Fredric Michael "Fred" Lynn (born February 3, 1952) is a former center fielder in Major League Baseball who played for the Boston Red Sox (1974–1980), California Angels (1981–1984), Baltimore Orioles (1985–1988), Detroit Tigers (1988–1989) and San Diego Padres (1990). He is best known for being the first player to win the Rookie of the Year award and MVP in the same season.

Lynn was inducted into the Boston Red Sox Hall of Fame in 2002 and to the College Baseball Hall of Fame in 2007.[1]


  • Professional career 1
    • Boston Red Sox 1.1
    • California Angels 1.2
    • Baltimore Orioles 1.3
    • Detroit Tigers and San Diego Padres 1.4
    • Career statistics 1.5
    • After baseball 1.6
  • See also 2
  • References 3
  • External links 4

Professional career

Boston Red Sox

After graduation from USC, Lynn started his career for the Red Sox with a 1975 season in which he won the Most Valuable Player and Rookie of the Year awards, the first player to win both in the same season. (The feat was duplicated by then-Seattle Mariners right fielder Ichiro Suzuki in 2001.) Lynn and fellow rookie outfielder Jim Rice were dubbed as the "Gold Dust Twins". In 1975, Lynn led the American League in doubles, runs scored and slugging percentage, finished second in the batting race with a .331 average, and won a Gold Glove Award for his defensive play. On June 18 at Tiger Stadium, he hit three home runs, had 10 RBI, and 16 total bases in one game.

Fred Lynn's career was hampered by some injuries caused by fearless play, such as a broken rib from crashing into an outfield wall, or knee injuries from breaking up double plays,and playing all out defensively. Lynn won three more Gold Gloves in 1978-80 and finished fourth in the 1979 MVP voting; he won the AL Batting title in that same year. ( 1979) while being elected to the All-Star team every year with the Red Sox, and nine time All Star over his career.

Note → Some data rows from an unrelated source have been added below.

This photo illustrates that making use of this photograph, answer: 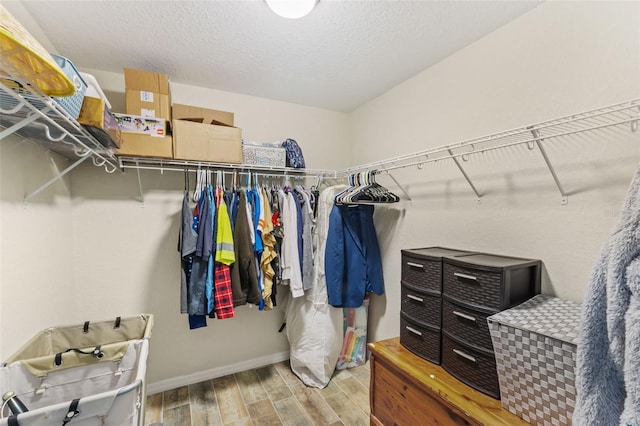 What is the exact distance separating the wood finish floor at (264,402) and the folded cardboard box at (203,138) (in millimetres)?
1778

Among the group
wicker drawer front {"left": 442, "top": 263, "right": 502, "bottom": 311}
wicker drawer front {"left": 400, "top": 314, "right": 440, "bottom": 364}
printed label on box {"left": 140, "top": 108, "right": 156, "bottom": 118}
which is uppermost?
printed label on box {"left": 140, "top": 108, "right": 156, "bottom": 118}

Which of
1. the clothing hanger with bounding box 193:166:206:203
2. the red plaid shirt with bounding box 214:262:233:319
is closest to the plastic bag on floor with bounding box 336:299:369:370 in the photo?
the red plaid shirt with bounding box 214:262:233:319

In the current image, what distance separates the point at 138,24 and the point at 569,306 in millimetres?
2514

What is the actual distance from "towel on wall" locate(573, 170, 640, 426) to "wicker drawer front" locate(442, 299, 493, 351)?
431 millimetres

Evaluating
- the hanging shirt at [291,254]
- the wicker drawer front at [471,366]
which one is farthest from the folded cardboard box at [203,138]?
the wicker drawer front at [471,366]

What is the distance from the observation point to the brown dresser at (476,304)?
1.12 metres

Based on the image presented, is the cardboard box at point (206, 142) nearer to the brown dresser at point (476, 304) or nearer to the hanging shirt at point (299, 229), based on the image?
the hanging shirt at point (299, 229)

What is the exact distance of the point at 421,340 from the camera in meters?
1.43

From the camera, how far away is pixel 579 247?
1.21m

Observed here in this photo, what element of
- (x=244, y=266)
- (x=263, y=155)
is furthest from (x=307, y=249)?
(x=263, y=155)

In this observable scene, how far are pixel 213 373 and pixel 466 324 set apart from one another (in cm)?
211

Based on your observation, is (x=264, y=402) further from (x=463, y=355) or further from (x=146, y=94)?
(x=146, y=94)

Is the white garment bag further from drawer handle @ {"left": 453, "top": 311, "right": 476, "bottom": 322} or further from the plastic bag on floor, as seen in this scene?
drawer handle @ {"left": 453, "top": 311, "right": 476, "bottom": 322}

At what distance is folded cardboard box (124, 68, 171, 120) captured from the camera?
1745 mm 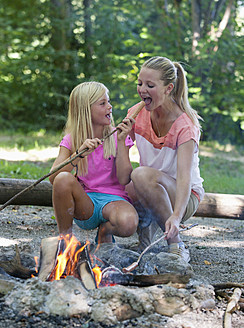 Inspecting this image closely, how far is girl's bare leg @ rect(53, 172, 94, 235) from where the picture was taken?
8.82 feet

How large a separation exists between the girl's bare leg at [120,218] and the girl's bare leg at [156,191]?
0.14 meters

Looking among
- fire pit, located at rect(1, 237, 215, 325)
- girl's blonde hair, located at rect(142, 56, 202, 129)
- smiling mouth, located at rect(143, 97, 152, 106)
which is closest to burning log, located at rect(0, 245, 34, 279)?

He hit a home run in 3 different All-Star games for the Red Sox, in 1976, 1979, and 1980 and hit the only Grand Slam in All Star history in 1983.

California Angels

The Red Sox traded him along with Steve Renko to the Angels for Frank Tanana, Jim Dorsey and Joe Rudi after the 1980 season.[2] He never hit over .300 again. Lynn did go on to hit more than 20 home runs in six consecutive seasons starting in 1982, and was selected MVP of the 1982 American League Championship Series, the first player from the losing team ever selected. In 1983, he hit the only grand slam in All-Star history and was named MVP after being elected to the team for the ninth consecutive year. His four home runs in All-Star games is second only to Stan Musial.

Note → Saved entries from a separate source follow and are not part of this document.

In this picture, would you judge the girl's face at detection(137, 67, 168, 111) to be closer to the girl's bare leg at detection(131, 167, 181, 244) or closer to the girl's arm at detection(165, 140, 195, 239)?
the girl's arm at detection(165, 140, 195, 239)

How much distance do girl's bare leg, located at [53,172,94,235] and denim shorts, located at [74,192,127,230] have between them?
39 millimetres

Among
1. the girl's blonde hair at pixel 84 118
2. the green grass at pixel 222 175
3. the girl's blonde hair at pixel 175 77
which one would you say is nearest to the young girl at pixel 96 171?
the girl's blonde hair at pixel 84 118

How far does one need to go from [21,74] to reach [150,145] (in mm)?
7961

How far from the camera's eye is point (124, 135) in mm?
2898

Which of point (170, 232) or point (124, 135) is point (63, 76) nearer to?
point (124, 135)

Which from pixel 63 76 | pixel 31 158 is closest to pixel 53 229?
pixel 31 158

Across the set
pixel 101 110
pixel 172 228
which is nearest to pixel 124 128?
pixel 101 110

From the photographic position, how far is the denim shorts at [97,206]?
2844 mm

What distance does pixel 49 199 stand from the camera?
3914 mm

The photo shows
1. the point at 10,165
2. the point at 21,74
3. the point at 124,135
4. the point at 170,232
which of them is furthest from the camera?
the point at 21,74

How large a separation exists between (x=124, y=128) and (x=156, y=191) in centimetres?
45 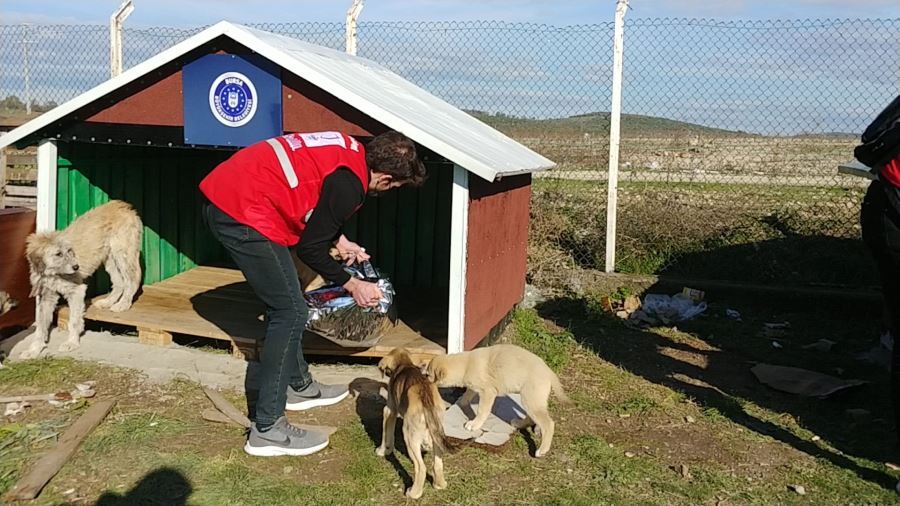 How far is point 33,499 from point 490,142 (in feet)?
15.9

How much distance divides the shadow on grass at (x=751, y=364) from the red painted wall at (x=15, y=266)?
16.5 feet

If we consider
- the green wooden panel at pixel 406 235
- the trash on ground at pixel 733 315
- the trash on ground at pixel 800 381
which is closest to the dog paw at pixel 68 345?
the green wooden panel at pixel 406 235

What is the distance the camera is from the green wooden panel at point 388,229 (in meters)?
9.01

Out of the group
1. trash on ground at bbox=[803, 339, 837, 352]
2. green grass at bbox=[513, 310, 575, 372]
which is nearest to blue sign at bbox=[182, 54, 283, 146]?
green grass at bbox=[513, 310, 575, 372]

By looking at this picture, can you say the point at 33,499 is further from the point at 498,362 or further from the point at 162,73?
the point at 162,73

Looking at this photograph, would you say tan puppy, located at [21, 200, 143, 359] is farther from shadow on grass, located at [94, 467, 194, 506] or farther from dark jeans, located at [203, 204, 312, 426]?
shadow on grass, located at [94, 467, 194, 506]

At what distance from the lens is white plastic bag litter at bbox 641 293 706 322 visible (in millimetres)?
8156

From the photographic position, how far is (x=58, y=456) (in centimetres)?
444

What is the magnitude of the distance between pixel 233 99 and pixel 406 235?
10.8 feet

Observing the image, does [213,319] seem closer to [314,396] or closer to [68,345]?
[68,345]

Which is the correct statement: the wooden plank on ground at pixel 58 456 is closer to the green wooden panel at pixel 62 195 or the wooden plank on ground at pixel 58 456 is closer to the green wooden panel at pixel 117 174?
the green wooden panel at pixel 62 195

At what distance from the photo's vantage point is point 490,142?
24.2 feet

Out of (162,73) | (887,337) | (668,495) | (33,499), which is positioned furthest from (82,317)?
(887,337)

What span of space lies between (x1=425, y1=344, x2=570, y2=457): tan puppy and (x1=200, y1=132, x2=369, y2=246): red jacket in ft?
4.08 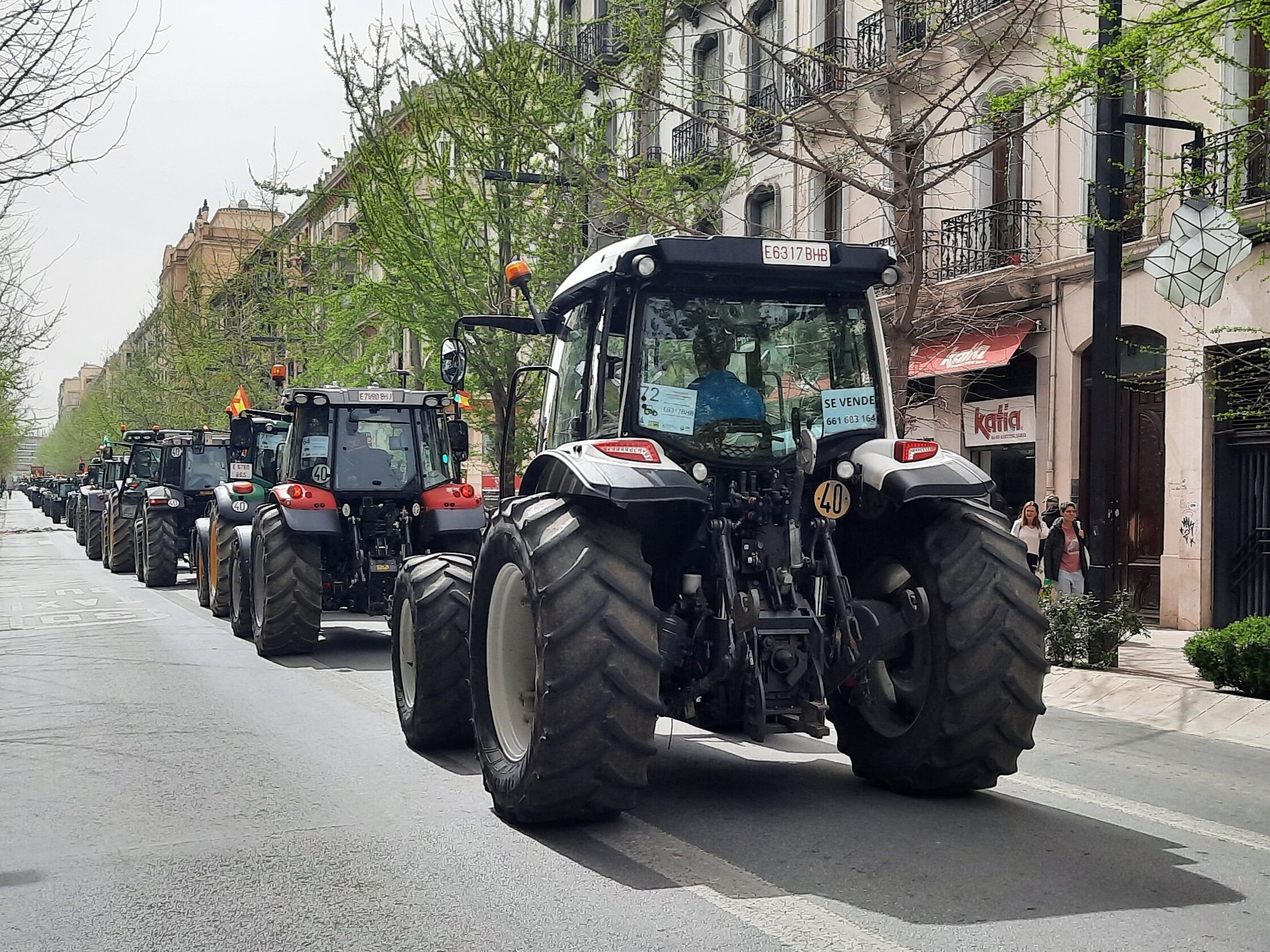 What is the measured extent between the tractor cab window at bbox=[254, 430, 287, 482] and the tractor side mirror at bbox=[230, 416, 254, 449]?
315mm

In 1981, Lawrence Ritter and Donald Honig included him in their book The 100 Greatest Baseball Players of All Time.

Baltimore Orioles

Following the 1984 season, Lynn signed with the Orioles, who signed numerous free agents in the mid-1980s in an ultimately unsuccessful effort to win another World Series after their 1983 title. Lynn never played more than 150 games in a season and only topped 140 games four times. From 1982-1988, his home run totals were 21-22-23-23-23-23-25. His four consecutive years with exactly 23 home runs tied Ken Boyer (24 each year for Cardinals from 1961–1964) for most consecutive years with exactly the same number of home runs (based on 20 or more home runs); Adam Dunn later matched this mark with 40 each year from 2005-2008.

Detroit Tigers and San Diego Padres

Detroit acquired Lynn for their 1988 pennant drive, which also proved unsuccessful. There was some initial controversy with this trade; though the trade was made on the day of the trading deadline, while Lynn was en route to Detroit, he was technically not in "Detroit airspace" when the deadline passed, so he was ruled ineligible for the postseason. MLB Commissioner Fay Vincent later overruled this decision, declaring that as long as the transaction was completed by the deadline, the player need not physically be in the new team's city to be eligible to play in the playoffs. Following a disappointing 1989 season, Lynn ended his career with one season in San Diego (1990), retiring at the age of 38.

Career statistics

His 306 career home runs place him ninth among center fielders, behind Willie Mays, Ken Griffey, Jr., Mickey Mantle, Duke Snider, Dale Murphy, Joe DiMaggio, Jim Edmonds, and Andruw Jones.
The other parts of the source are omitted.